━━━ DATASET CONTENT

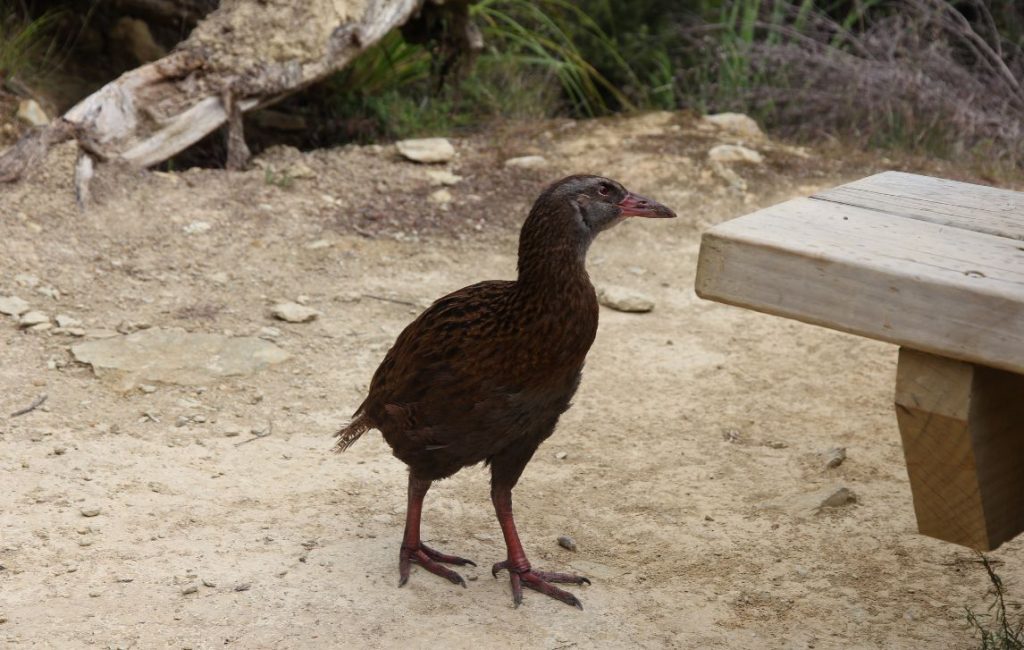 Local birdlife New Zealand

━━━━━━
━━━ DATASET CONTENT

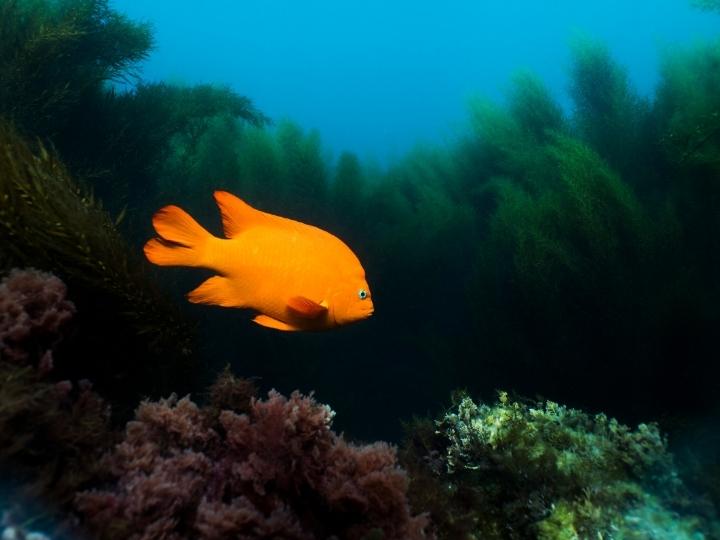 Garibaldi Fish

━━━━━━
━━━ DATASET CONTENT

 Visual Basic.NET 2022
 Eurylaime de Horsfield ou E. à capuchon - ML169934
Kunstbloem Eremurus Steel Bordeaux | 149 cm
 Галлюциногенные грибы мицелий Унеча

━━━━━━

PROBLEM TO SOLVE -
Please reproduce, exactly as they appear above, the lines from the line containing "Visual Basic.NET 2022" up to and including the line containing "Галлюциногенные грибы мицелий Унеча".

OUTPUT FOR THIS TASK -
 Visual Basic.NET 2022
 Eurylaime de Horsfield ou E. à capuchon - ML169934
Kunstbloem Eremurus Steel Bordeaux | 149 cm
 Галлюциногенные грибы мицелий Унеча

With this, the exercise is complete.